Most good stories start with a fundamental list of ingredients: the initial situation, conflict, complication, climax, suspense, denouement, and conclusion. Great writers sometimes shake up the recipe and add some spice.
Initial Situation
Muriel, "a girl who for a ringing phone dropped exactly nothing" (1.2).
The very start of "Bananafish" is devoted to Muriel Glass, to what she's like and to who she is. Muriel sets the stage for the story's coming conflict.
Conflict
"Seymour may completely lose control of himself" (1.51).
Muriel's mother's concern for her daughter is the clear conflict here, and it's all about Seymour Glass.

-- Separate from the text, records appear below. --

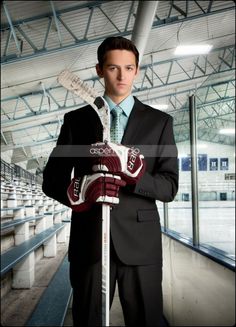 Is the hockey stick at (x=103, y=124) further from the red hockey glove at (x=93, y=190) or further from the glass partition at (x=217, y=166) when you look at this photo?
the glass partition at (x=217, y=166)

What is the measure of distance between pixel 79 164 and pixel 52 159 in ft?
0.26

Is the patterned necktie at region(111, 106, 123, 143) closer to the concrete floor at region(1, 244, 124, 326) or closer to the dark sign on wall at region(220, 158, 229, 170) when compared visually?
the dark sign on wall at region(220, 158, 229, 170)

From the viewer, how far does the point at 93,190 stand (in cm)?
82

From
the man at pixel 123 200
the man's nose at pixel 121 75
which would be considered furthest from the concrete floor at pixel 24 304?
the man's nose at pixel 121 75

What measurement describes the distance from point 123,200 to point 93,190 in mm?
145

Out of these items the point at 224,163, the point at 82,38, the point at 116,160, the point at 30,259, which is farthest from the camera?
the point at 82,38

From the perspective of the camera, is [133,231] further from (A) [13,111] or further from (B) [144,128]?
(A) [13,111]

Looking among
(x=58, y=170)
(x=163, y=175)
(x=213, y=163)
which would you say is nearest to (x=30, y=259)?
(x=213, y=163)

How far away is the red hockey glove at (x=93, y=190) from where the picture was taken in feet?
2.66

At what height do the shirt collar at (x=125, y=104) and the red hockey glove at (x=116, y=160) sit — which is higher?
the shirt collar at (x=125, y=104)

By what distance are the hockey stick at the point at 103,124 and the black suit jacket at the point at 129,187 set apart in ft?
0.21

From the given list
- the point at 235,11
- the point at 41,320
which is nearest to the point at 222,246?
the point at 41,320

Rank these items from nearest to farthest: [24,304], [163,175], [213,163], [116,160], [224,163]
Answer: [116,160] → [163,175] → [224,163] → [213,163] → [24,304]

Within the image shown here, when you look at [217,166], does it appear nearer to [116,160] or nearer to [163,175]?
[163,175]
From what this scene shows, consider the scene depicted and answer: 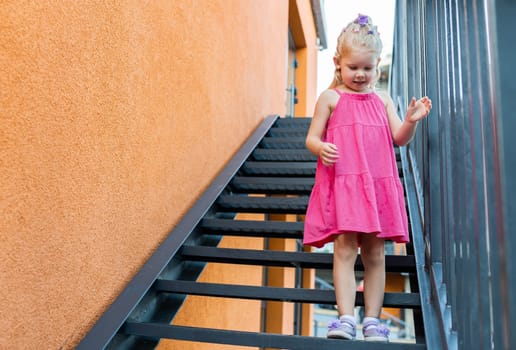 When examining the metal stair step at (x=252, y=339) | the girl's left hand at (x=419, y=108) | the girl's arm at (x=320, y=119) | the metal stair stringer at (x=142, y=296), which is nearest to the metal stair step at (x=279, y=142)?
the metal stair stringer at (x=142, y=296)

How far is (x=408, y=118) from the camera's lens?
6.42 ft

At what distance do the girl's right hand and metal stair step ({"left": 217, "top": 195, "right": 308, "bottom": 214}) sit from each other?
1.01 meters

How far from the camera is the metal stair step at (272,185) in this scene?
321cm

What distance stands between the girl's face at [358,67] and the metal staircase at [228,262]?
2.44 feet

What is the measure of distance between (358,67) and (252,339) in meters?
1.08

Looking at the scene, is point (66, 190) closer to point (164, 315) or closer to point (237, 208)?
point (164, 315)

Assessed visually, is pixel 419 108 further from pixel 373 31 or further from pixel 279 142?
pixel 279 142

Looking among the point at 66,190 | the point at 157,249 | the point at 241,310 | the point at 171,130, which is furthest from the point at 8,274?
the point at 241,310

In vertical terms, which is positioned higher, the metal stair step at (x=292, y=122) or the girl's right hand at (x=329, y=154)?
the metal stair step at (x=292, y=122)

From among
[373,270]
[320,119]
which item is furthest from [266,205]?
[373,270]

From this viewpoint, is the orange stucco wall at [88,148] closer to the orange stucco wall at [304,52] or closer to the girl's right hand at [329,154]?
the girl's right hand at [329,154]

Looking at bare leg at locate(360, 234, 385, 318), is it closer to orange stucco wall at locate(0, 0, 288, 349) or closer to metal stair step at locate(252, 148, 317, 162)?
orange stucco wall at locate(0, 0, 288, 349)

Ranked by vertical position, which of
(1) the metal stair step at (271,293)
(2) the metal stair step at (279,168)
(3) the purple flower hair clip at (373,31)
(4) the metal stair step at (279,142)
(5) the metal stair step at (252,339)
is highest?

We find out that he's got some mental troubles, that they have something to do with the war, and that he's a risk to himself and others (especially given "that business with the trees").
Complication
Is Seymour insane or enlightened?
The scene between Seymour and Sybil certainly complicates the opinion of Seymour we formed during the opening scene. It seems possible that he is in fact the normal one, while everyone else (Mrs. Carpenter, Muriel, her mother) is insane for focusing themselves on things like fashion and drinks at the neglect of their souls. This has a lot to do with the way you interpret 1) the epigraph and 2) the bananafish symbol.
Climax
Seymour kisses Sybil's foot.
This climax is almost as confusing as the story's conclusion. Does Seymour kiss Sybil with affection? Reverence? Sadness? Desire? This climax is definitely tied into the story's title and major themes (see "What's Up with the Title?"), since Sybil has just claimed to have seen a bananafish.
Suspense
Seymour is in an elevator with another adult.
Seymour has finally left the world of children and for the first time in the story is thrown into contact with another adult. That this takes place in an elevator is rather ingenious – it raises the stakes on the tension. (They're trapped together; there's nowhere for either of them to go.) The reader should at this moment remember everything Muriel's mother said at the start of the text: that Seymour is unstable and might completely lose control of himself.
Denouement
Seymour kills himself.
Unlike most denouements, little is resolved or explained during this falling action. The suspense is resolved in the sense that we no longer wonder what Seymour is going to do, but we also aren't left with any satisfying explanation for his mental illness.
Conclusion
Ambiguous
As we discuss in "What's Up with the Ending?", the ending to "Bananafish" is highly enigmatic. The story has no clear conclusion or, rather, the conclusion is a question (perhaps a kōan, if you've read "What's Up With the Epigraph?"): why does Seymour commit suicide?